Ginsburg offered this view in her Madison Lecture, “Speaking in a Judicial Voice.” That she shared these perceptions at the annual Madison lecture indicates that she believed that her ideas honored the Constitution’s initial intention. Frequently, in her writings throughout, Ginsburg points to the continual extension of the Constitution, first through the Bill of Rights, then the amendments, then measured interpretations of the Constitution that often result in fresh understandings of the underlying principles. One example that Ginsburg uses is Brown v. The Board of Education. She notes that while the tumultuous results of the ruling created social upheaval, particularly in the Southern states, the conclusion that led to the majority opinion was fairly obvious: Separate but equal, the doctrine espoused by segregationists, invariably results in inequality. Thus, under the Equal Protection Clause of the 5th and 14th Amendments, separate but equal had to be declared unconstitutional.
Ginsburg’s observations throughout support the idea that many applications of the Equal Protection Clause are unfulfilled. Chief among these is the Equal Rights Amendment, something Ginsburg said she hoped her grandchildren would one day see as part of the Constitution.
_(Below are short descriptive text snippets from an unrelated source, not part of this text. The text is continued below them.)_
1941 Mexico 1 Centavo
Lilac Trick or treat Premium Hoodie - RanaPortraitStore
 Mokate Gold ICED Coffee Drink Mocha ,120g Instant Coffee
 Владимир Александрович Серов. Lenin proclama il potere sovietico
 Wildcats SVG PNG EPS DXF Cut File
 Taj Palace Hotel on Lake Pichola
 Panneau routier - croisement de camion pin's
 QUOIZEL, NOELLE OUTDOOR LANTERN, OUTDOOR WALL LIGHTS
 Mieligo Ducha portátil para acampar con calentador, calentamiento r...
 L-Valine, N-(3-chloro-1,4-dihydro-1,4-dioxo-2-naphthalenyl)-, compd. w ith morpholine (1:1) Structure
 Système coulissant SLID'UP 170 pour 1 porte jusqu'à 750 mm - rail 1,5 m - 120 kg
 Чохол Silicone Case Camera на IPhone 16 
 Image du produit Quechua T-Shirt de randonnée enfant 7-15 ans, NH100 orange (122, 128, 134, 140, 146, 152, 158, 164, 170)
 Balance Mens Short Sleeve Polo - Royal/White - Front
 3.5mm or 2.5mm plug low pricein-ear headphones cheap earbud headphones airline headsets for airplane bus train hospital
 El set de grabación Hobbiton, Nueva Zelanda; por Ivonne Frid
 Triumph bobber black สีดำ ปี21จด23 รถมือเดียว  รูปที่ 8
Another equal protection issue she considers obvious is the right to abortion: Failure to grant a woman the right to make her own health choices, she suggests, is tantamount to unconstitutionally choosing on the woman’s behalf.
Ginsburg encourages judges, legislators, and litigators to take “sideglances” at the legal processes playing out in other nations around the world. She argues that to assume that US society has nothing to learn from other nations is folly. Ginsburg notes that Justice Scalia, who disavowed making “sideglances” as a part of his originalist ideology, roundly condemned any observation of or reliance on the laws of other nations. However, Ginsburg points out that Scalia compared the Defense of Marriage Act to Germany’s domestic regulations (254).
In her list of dissents, Ginsburg discusses a couple of instances in which the Supreme Court seemed to make changes that were not based on either originalist ideals or an expansive view of the living Constitution. Specifically, she refers to the court’s imposing a new concept of taxation on Congress to justify the Affordable Care Act: “[W]e have never held that a grant program becomes two rather than one when Congress lays the foundation and later builds on it” (305). Thus, she argues that the Supreme Court created a new form of taxation not in accord with anything Congress had done and not related in any way to any constitutional precept. Also, in regard to the ACA, she notes that the court for the first time allowed a for-profit company religious exemption from federal regulations, depriving secular employees of their federal rights and creating a new class of businesses that can avoid regulations by claiming religious privilege. In these criticisms, Ginsburg implies that the court acted capriciously, inventing new reasons for its decisions that were neither bound to the original understanding of the Constitution nor built on its growth as a living document.